*** Records to process

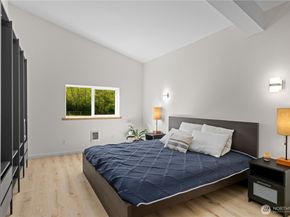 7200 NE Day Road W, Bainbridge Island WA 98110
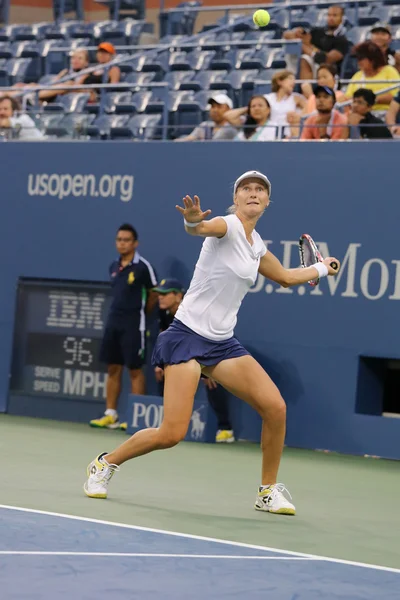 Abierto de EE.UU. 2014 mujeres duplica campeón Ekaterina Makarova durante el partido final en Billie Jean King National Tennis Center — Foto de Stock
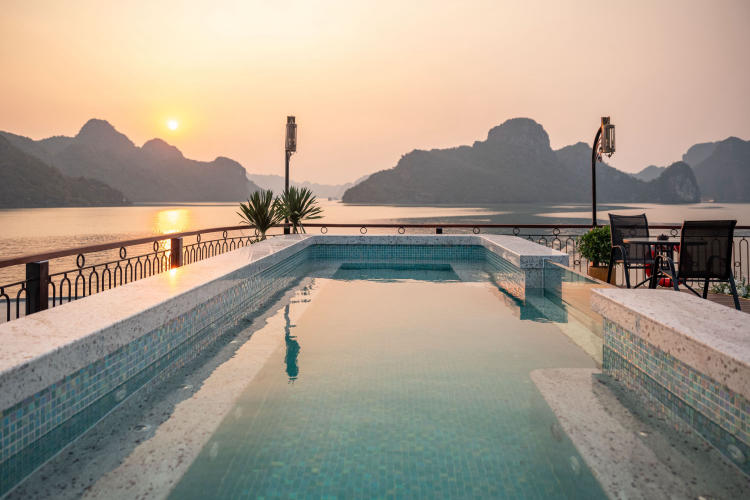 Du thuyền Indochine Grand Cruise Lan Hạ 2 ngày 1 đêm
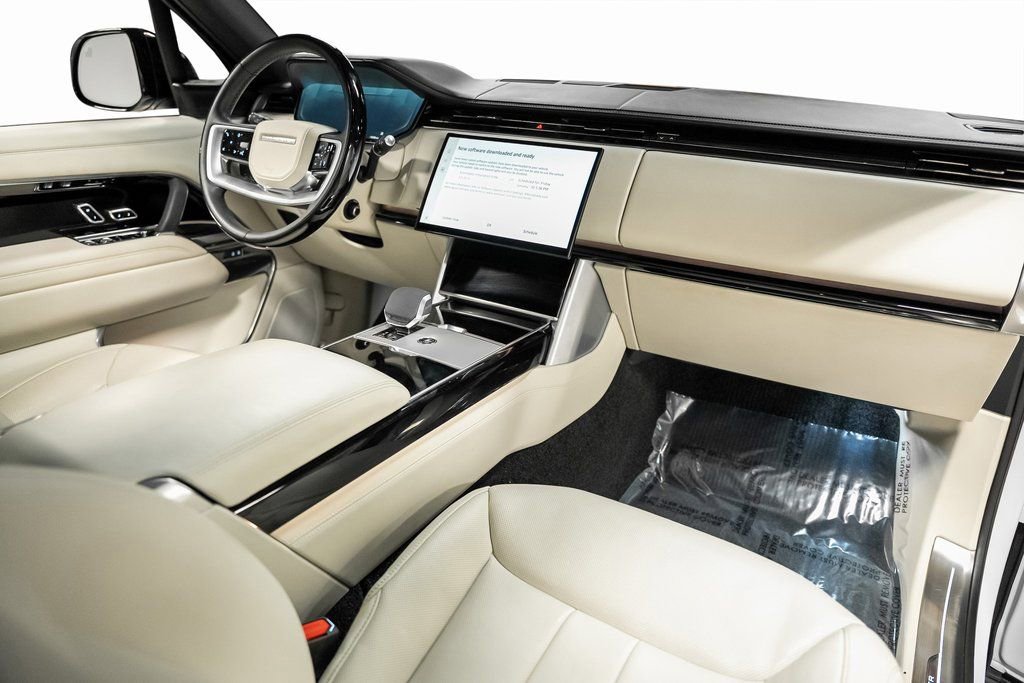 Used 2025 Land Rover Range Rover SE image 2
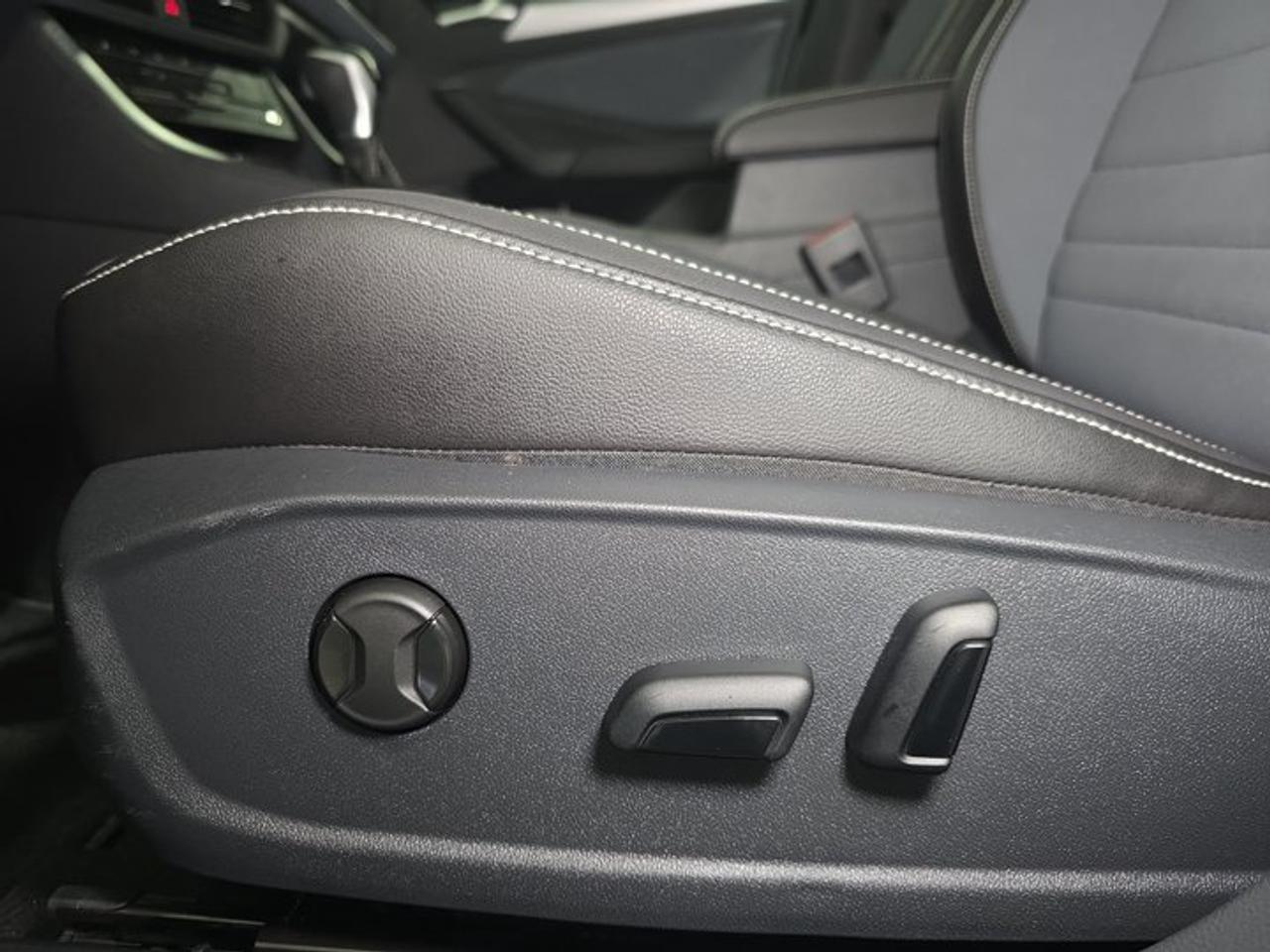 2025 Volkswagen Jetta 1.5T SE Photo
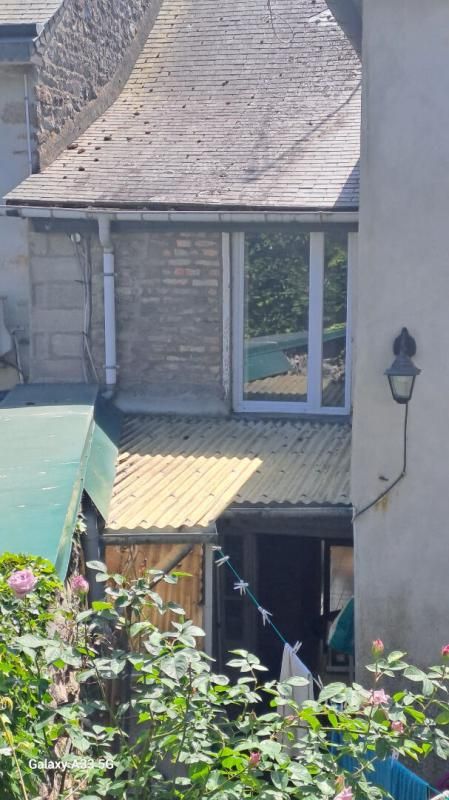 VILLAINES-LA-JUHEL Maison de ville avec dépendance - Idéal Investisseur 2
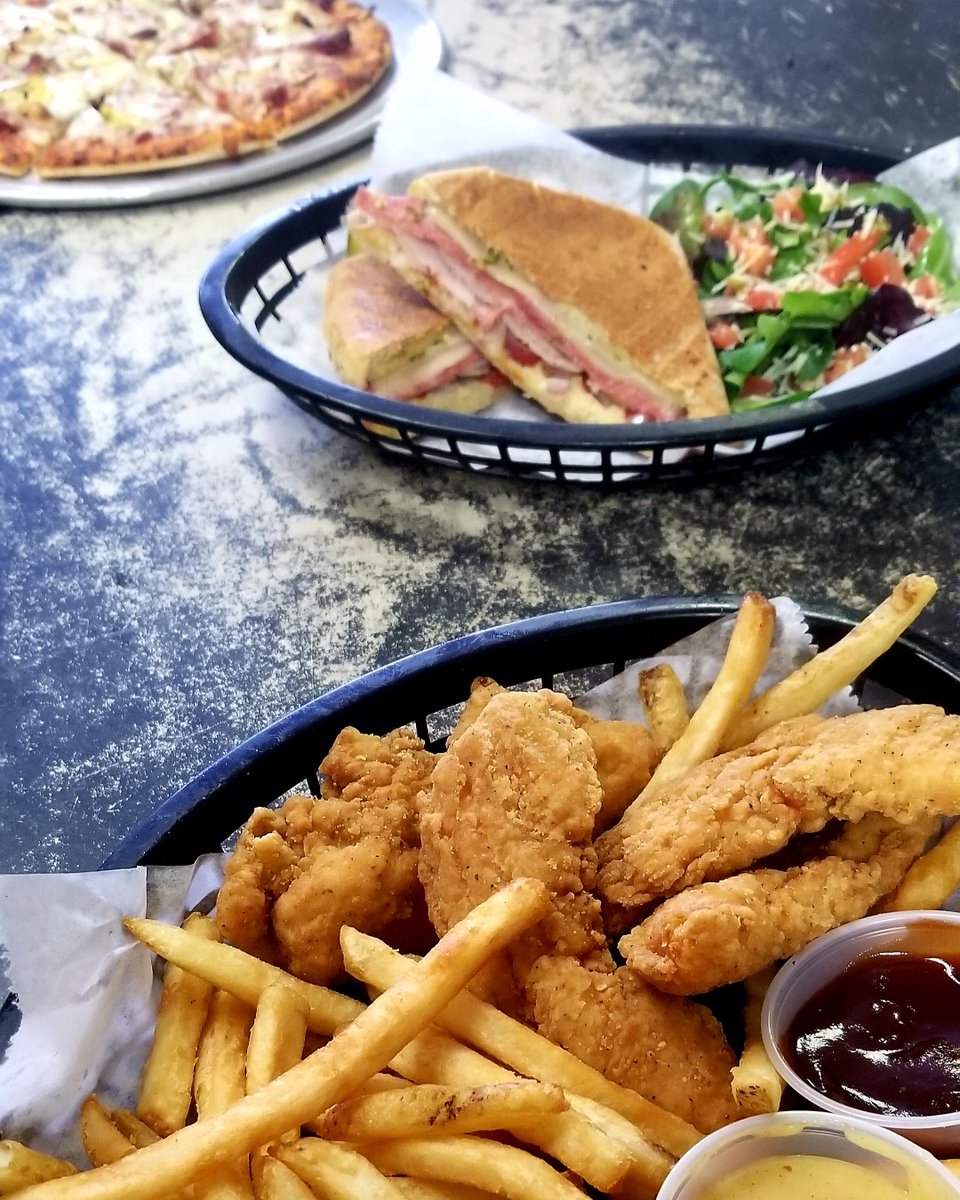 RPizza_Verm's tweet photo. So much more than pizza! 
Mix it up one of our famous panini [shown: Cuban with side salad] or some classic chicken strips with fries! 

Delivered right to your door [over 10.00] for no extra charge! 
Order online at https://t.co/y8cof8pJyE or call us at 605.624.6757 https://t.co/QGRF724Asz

******

Required work: Retype the data above as given, letting no picture into the copy.

Result of the exercise:
 7200 NE Day Road W, Bainbridge Island WA 98110
 Abierto de EE.UU. 2014 mujeres duplica campeón Ekaterina Makarova durante el partido final en Billie Jean King National Tennis Center — Foto de Stock
 Du thuyền Indochine Grand Cruise Lan Hạ 2 ngày 1 đêm
 Used 2025 Land Rover Range Rover SE image 2
 2025 Volkswagen Jetta 1.5T SE Photo
 VILLAINES-LA-JUHEL Maison de ville avec dépendance - Idéal Investisseur 2
 RPizza_Verm's tweet photo. So much more than pizza! 
Mix it up one of our famous panini [shown: Cuban with side salad] or some classic chicken strips with fries! 

Delivered right to your door [over 10.00] for no extra charge! 
Order online at https://t.co/y8cof8pJyE or call us at 605.624.6757 https://t.co/QGRF724Asz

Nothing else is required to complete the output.